The antihypertensive effects of losartan potassium were
demonstrated principally in 4 placebo-controlled 6-12
week trials of dosages from 10 to 150 mg per day in patients
with baseline diastolic blood pressures of 95-115. The
studies allowed comparisons of two doses (50-100 mg/day)
as once-daily or twice-daily regimens, comparisons of
peak and trough effects, and comparisons of response by
gender, age, and race. Three additional studies examined
the antihypertensive effects of losartan and hydrochlorothiazide
in combination.
The 4 studies of losartan monotherapy included a total
of 1075 patients randomized to several doses of losartan
and 334 to placebo. The 10 and 25 mg doses produced some
effect at peak (6 hours after dosing) but small and inconsistent
trough (24 hour) responses. Doses of 50, 100 and 150 mg
once daily gave statistically significant systolic/diastolic
mean decreases in blood pressure, compared to placebo
in the range of 5.5- 10.5/3.5-7.5 mmHg, with 150 mg dose
giving no greater effect than 50-100 mg. Twice-daily dosing
at 50-100 mg/day gave consistently larger trough responses
than once-daily dosing at the same total dose. Peak (6
hour) effects were uniformly, but moderately, larger than
trough effects, with the trough-to-peak ratio for systolic
and diastolic responses 50-95% and 60-90%, respectively.
Addition of a low dose of hydrochlorothiazide (12.5 mg)
to losartan 50 mg once daily resulted in placebo-adjusted
blood pressure reductions of 15.5/9.2 mmHg.
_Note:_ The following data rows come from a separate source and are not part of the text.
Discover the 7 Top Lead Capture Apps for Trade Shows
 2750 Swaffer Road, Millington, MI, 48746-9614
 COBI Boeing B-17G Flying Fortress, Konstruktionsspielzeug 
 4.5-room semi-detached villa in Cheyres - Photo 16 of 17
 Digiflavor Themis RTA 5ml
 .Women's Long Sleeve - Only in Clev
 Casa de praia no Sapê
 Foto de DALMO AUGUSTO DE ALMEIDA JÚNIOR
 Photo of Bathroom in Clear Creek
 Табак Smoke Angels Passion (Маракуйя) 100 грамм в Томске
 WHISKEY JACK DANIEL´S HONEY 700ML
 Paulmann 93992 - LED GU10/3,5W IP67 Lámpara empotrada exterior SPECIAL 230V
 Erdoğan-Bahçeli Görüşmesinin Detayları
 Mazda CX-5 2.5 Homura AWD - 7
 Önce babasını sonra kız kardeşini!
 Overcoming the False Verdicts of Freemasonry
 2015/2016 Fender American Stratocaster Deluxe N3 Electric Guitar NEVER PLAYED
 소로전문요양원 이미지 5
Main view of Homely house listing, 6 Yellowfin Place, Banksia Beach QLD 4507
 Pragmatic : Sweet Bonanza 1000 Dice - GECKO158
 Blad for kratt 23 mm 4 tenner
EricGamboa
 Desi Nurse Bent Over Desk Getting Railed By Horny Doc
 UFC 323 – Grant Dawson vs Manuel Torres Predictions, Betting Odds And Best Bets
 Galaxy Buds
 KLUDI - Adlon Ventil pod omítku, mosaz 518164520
Analysis of age, gender, and race subgroups of patients
showed that men and women, and patients over and under
65, had generally similar responses. Losartan potassium
was effective in reducing blood pressure regardless of
race, although the effect was somewhat less in black patients
(usually a low-renin population).
The effect of losartan is substantially present within
one week but in some studies the maximal effect occurred
in 3-6 weeks. In long-term, follow-up studies (without
placebo control) the effect of losartan appeared to be
maintained for up to a year. There is no apparent rebound
effect after abrupt withdrawal of losartan. There was
essentially no change in average heart rate in losartan-treated
patients in controlled trials.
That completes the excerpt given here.